Giving Compass' Take:

• In her new memoir, Make Trouble: Standing Up, Speaking Out, and Finding the Courage to Lead, president of Planned Parenthood Federation of America Cecile Richards shares her story of fighting for reproductive rights and calls for women to continue her work.

• How can philanthropy support strong protections for women's reproductive rights? How can women's healthcare progress beyond reproductive healthcare? 

• Learn why maternal mortality is increasing as infant mortality decreases in the U.S.


Though she is now president of Planned Parenthood Federation of America, Cecile Richards’s leadership and activism, organizing and civil disobedience in the name of social justice, spans virtually her entire life.

As head of what is perhaps the most visible symbol of feminism in this country, Richards routinely faces down attacks from anti-abortion and far-right foes and has fended off repeated efforts to defund and derail the women’s health care organization.
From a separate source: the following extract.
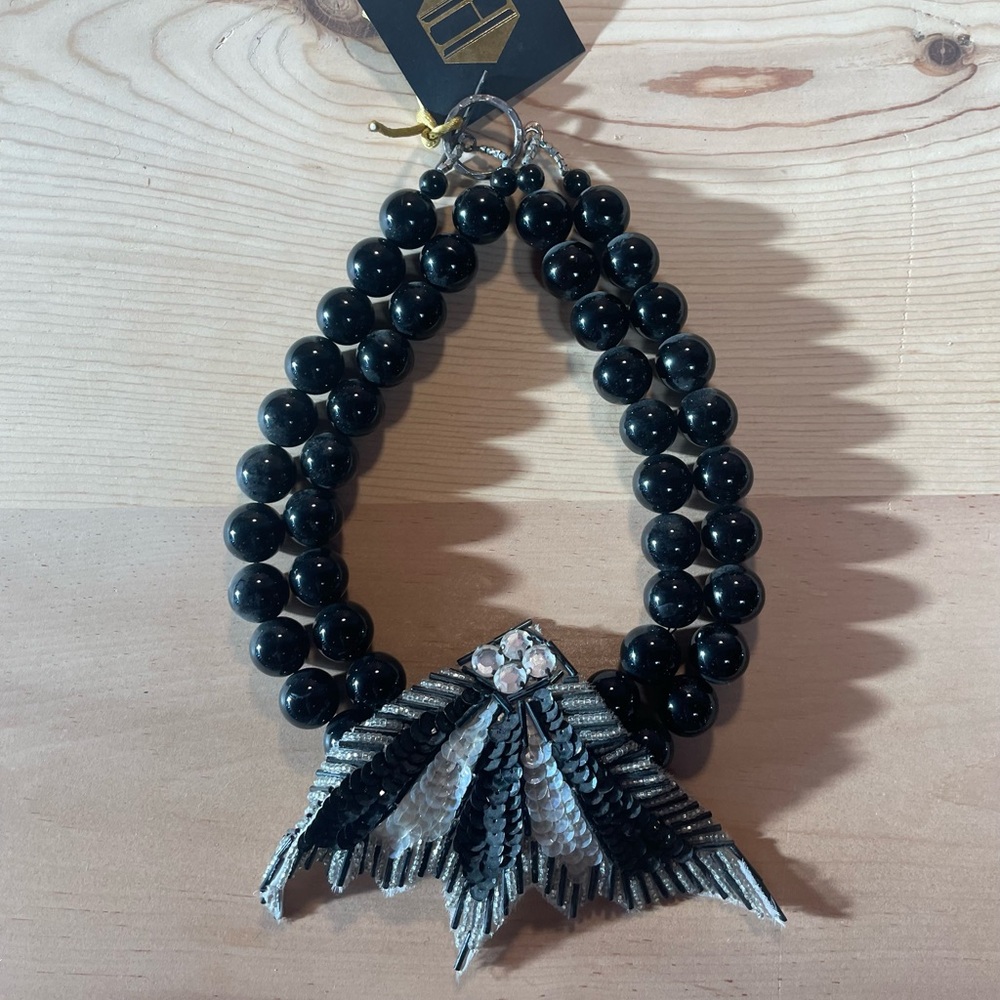 Elva Fields Black Wings Statement Necklace - image 1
Perhaps no single episode has raised her public profile as much as the five-hour grilling she endured by Republican male members of the House Oversight and Government Reform Committee in 2015.

“Here’s what I learned sitting in front of that committee,” Richards writes in her book, Make Trouble: Standing Up, Speaking Out, and Finding the Courage to Lead. “Focus on the people who are counting on you, not the ones who are trying to drag you down.”

Now, as she prepares to leave Planned Parenthood after 12 years, her sentiments about never-ending trouble seem inarguable. Uncertainty hangs over women’s rights issues in this country, from reproductive health to the gender pay gap.

Richards believes that now, more than ever, women are the most important political force in America. “We have enormous power to change the direction of this country, and it’s time to use it.”